▶ Extracted records:
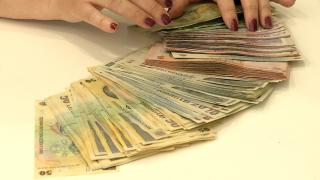 Cine sunt românii care vor avea salariul minim de 4.582 lei. Guvernul schimbă legea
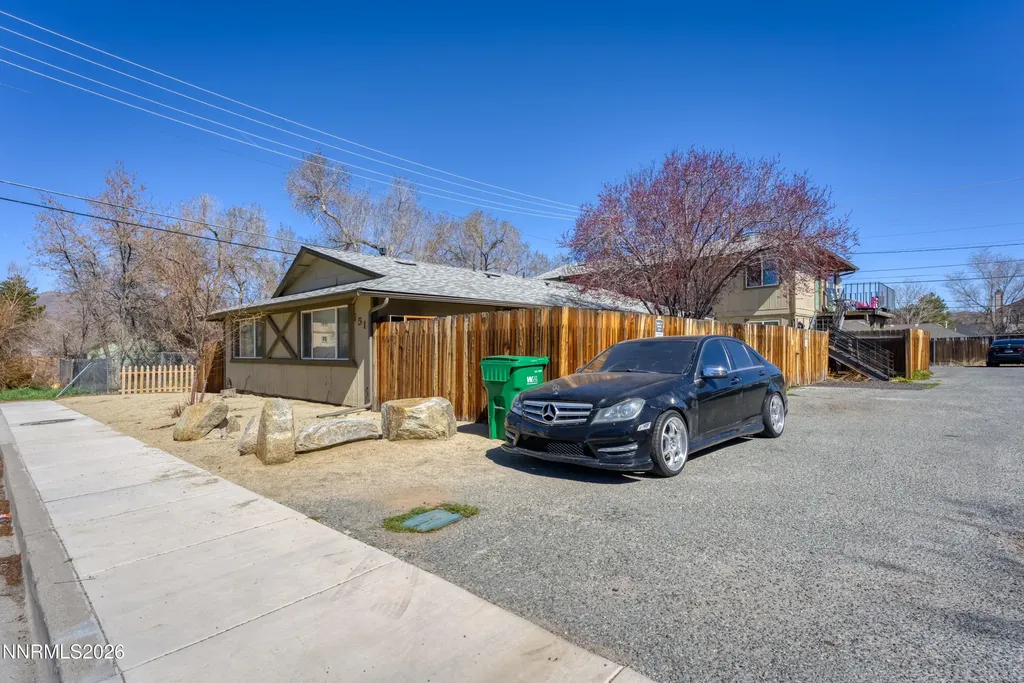 1517 Edmonds Carson City NV 89701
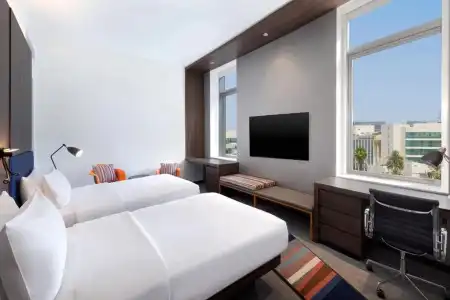 Aloft Airport - 9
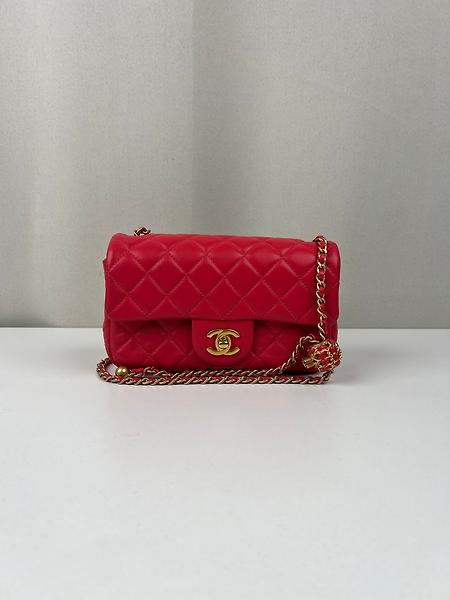 Sac bandoulière Chanel Mini Timeless en cuir rose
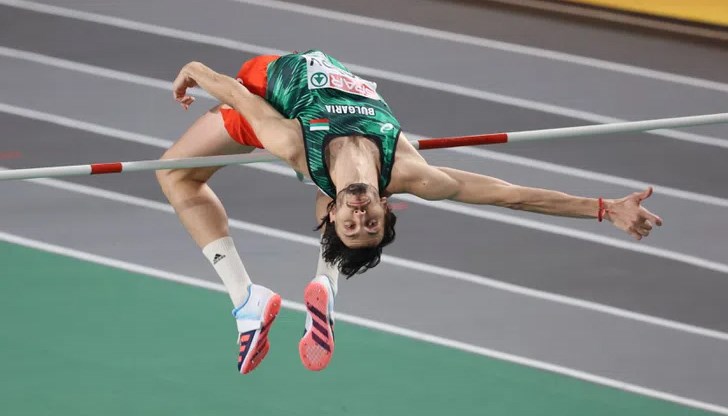 Олимпийският, световен и европейски финалист стигна до златния медал с 2,20 метра
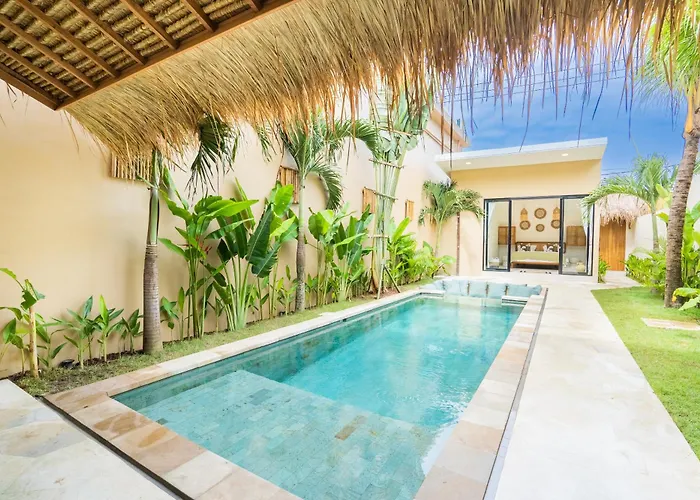 Moma Complex Villa *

▶ Task description: The response should contain every record above exactly as written, and none of the pictures.

▶ Exercise result:
 Cine sunt românii care vor avea salariul minim de 4.582 lei. Guvernul schimbă legea
 1517 Edmonds Carson City NV 89701
 Aloft Airport - 9
 Sac bandoulière Chanel Mini Timeless en cuir rose
 Олимпийският, световен и европейски финалист стигна до златния медал с 2,20 метра
 Moma Complex Villa *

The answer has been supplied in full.